## Work order
The lines from the one holding "Signature Design by" through the end of the records below are to be written out exactly, and nothing else; pictures are to be left out.

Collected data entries
● ● ● ● ●

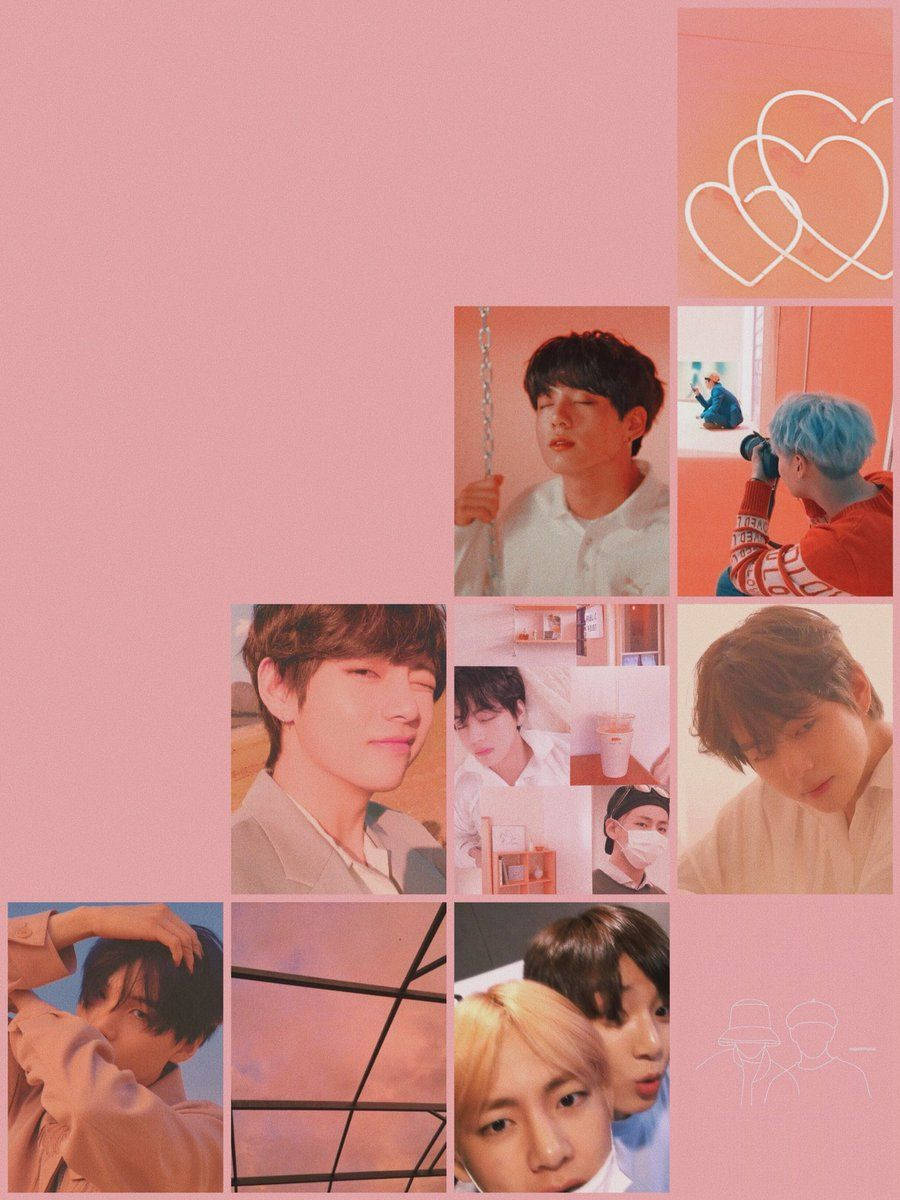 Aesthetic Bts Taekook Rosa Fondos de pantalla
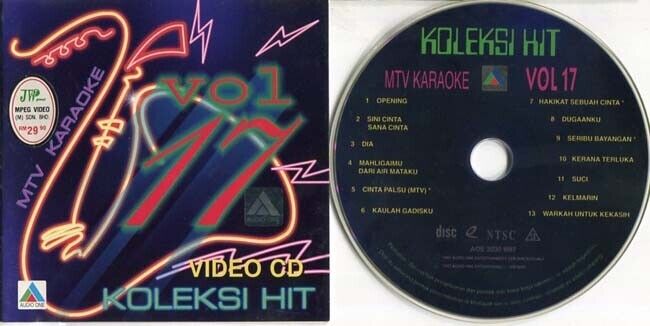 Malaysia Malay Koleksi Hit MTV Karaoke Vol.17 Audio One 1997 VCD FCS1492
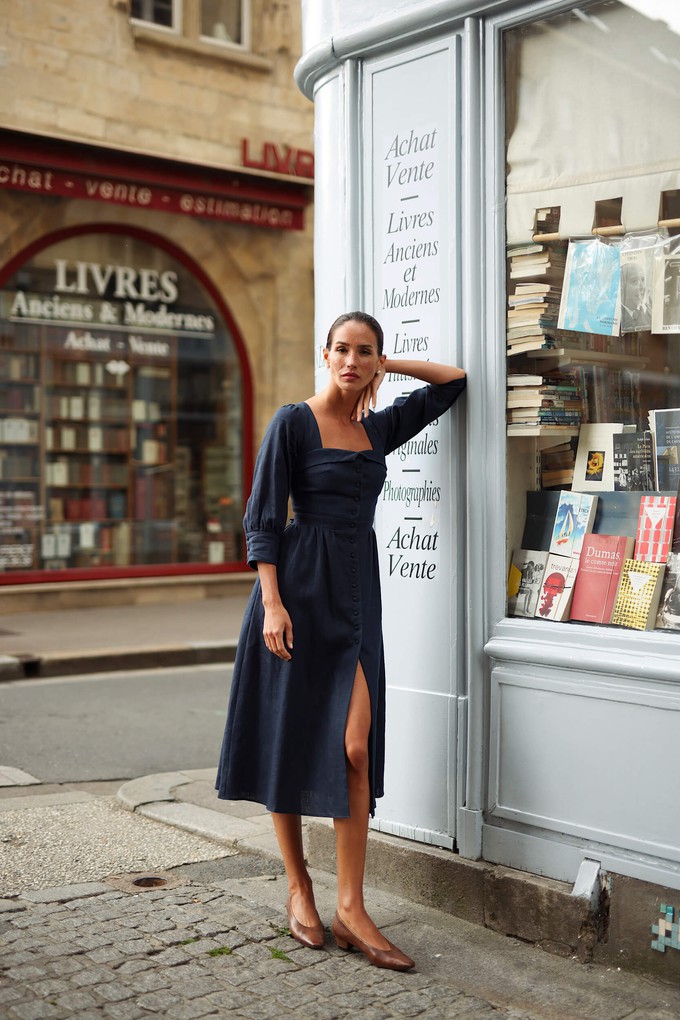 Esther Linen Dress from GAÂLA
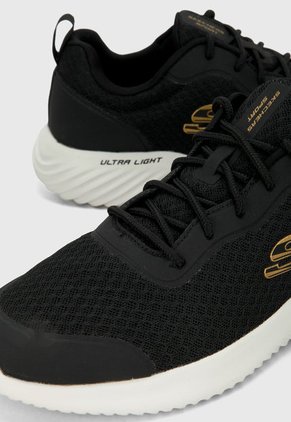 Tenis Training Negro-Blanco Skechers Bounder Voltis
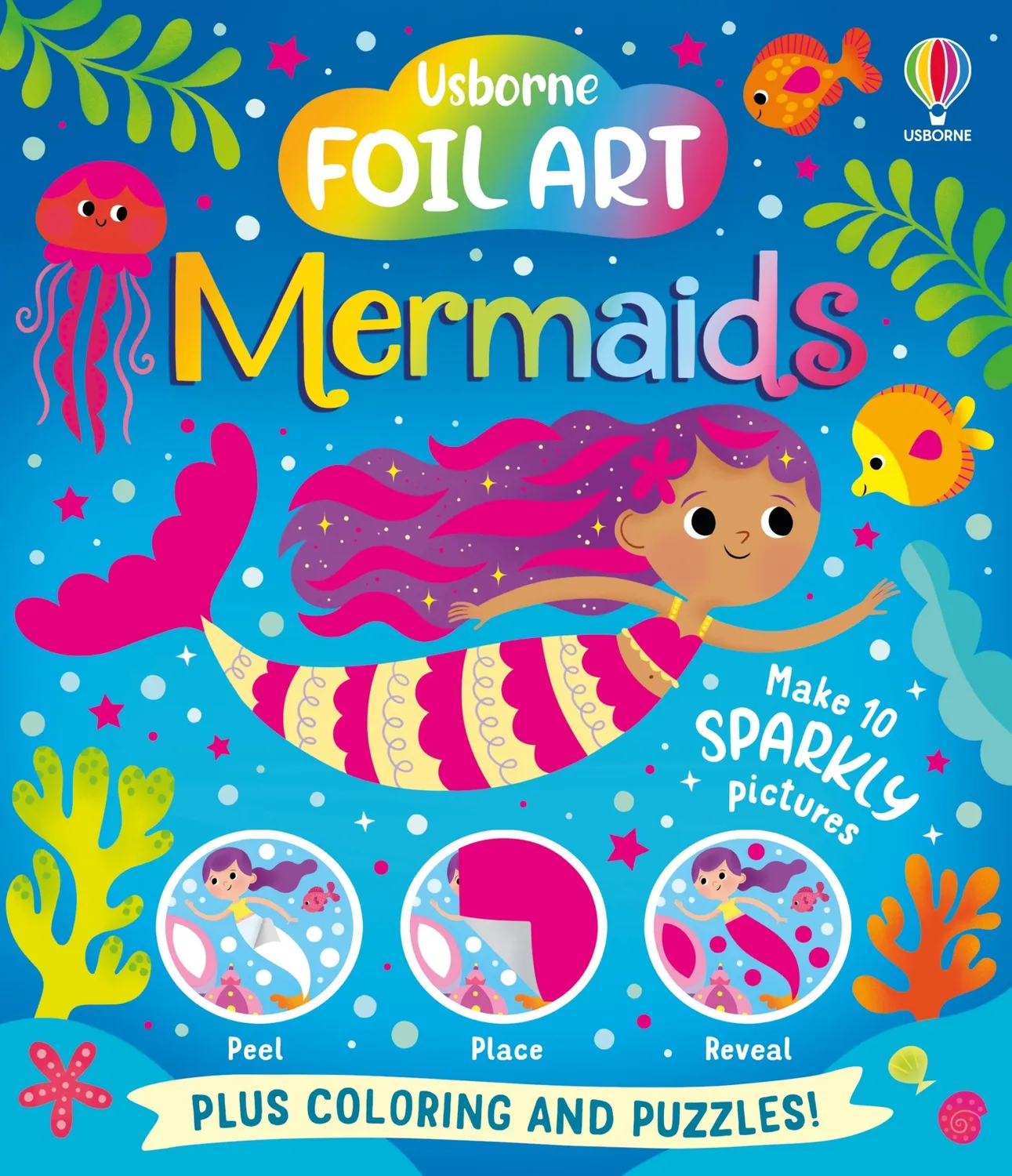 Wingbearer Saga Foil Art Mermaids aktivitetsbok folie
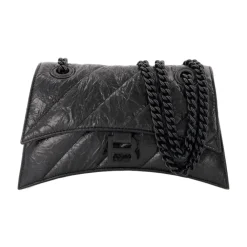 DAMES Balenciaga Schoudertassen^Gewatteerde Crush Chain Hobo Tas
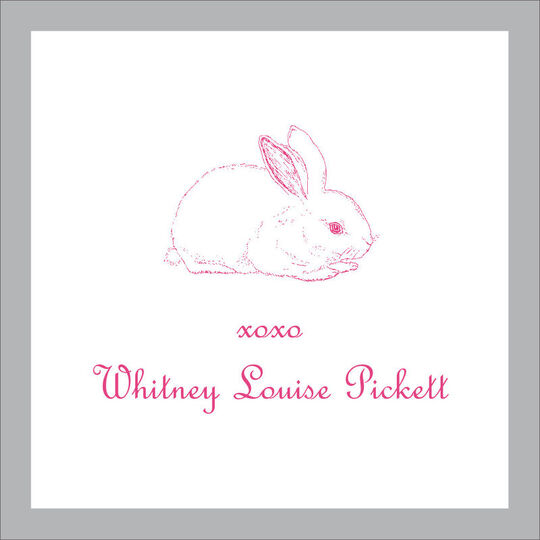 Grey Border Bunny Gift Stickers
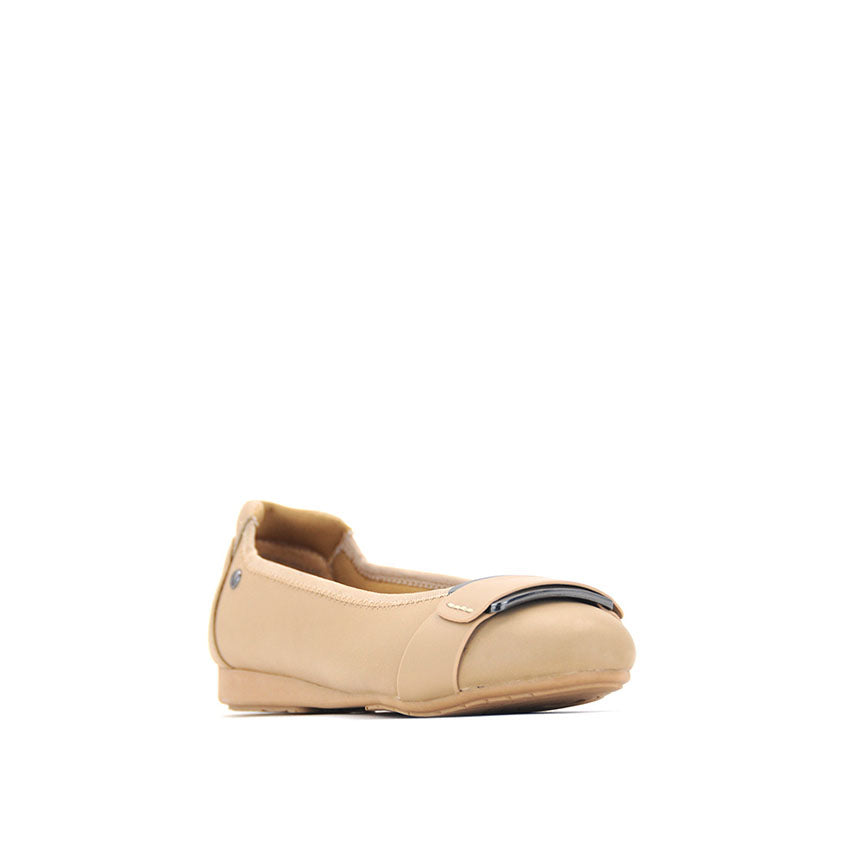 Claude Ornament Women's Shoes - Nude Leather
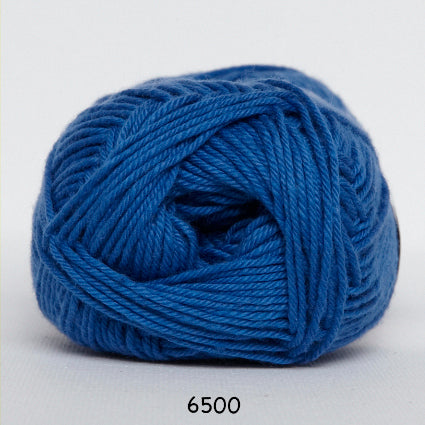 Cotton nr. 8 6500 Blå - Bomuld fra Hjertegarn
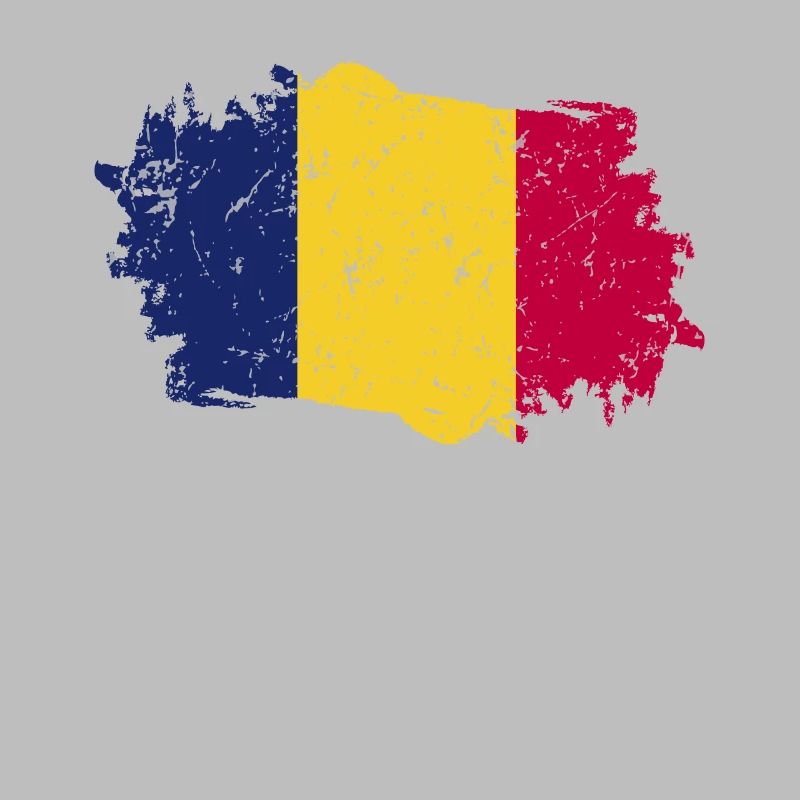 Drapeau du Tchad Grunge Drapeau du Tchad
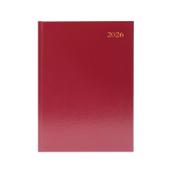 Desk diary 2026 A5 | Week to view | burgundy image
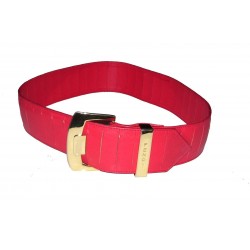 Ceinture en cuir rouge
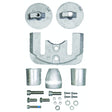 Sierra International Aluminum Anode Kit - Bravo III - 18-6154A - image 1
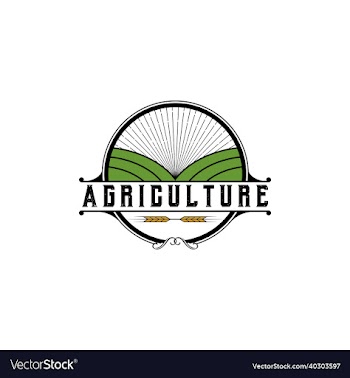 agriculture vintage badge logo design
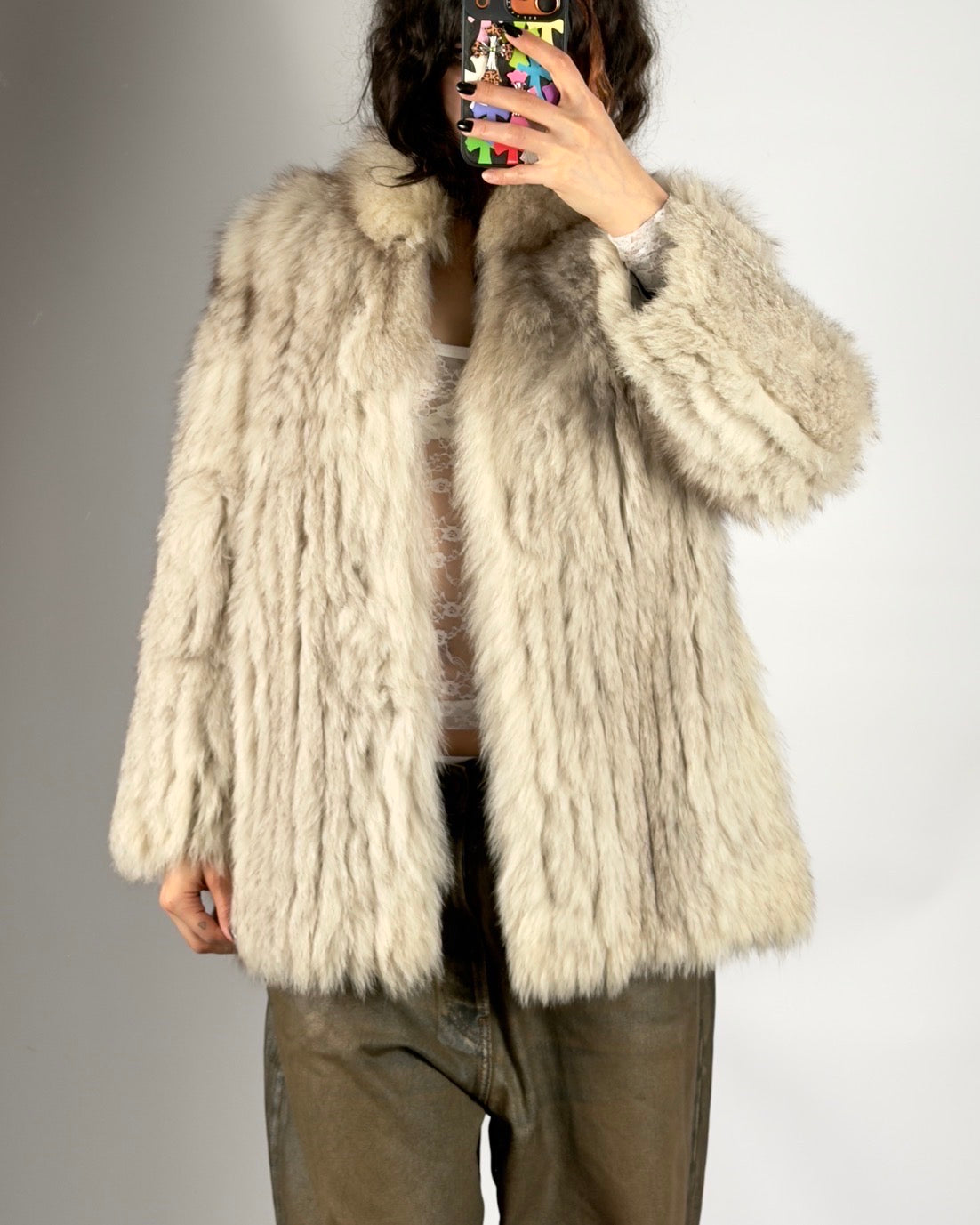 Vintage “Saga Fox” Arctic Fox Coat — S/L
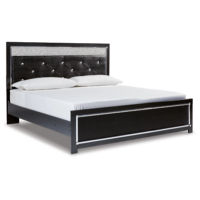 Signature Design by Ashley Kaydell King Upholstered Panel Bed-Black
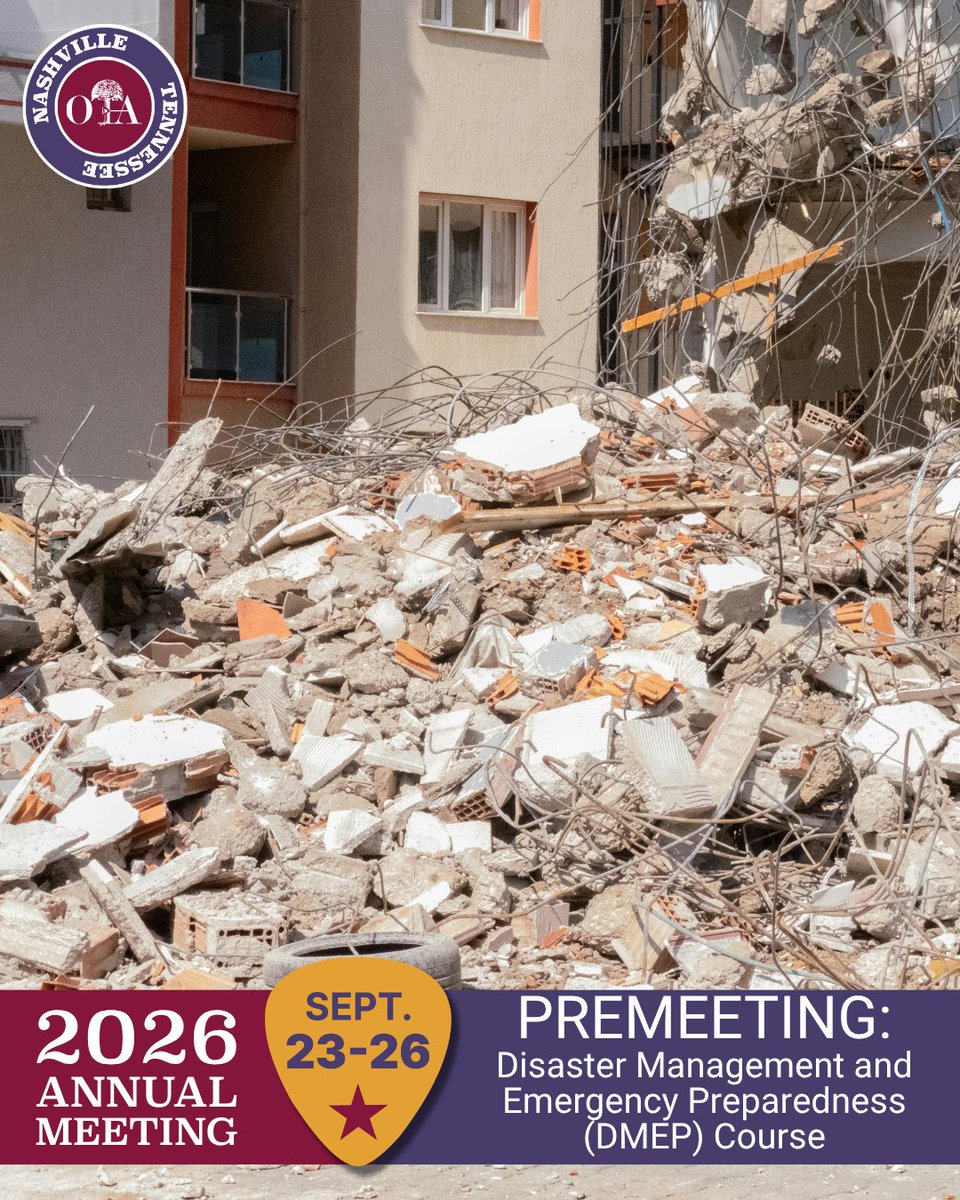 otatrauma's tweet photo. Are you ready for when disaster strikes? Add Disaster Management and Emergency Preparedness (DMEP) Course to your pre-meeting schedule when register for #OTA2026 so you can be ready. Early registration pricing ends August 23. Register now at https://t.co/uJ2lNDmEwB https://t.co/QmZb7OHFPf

● ● ● ● ●

## Output for this exercise
 Signature Design by Ashley Kaydell King Upholstered Panel Bed-Black
 otatrauma's tweet photo. Are you ready for when disaster strikes? Add Disaster Management and Emergency Preparedness (DMEP) Course to your pre-meeting schedule when register for #OTA2026 so you can be ready. Early registration pricing ends August 23. Register now at https://t.co/uJ2lNDmEwB https://t.co/QmZb7OHFPf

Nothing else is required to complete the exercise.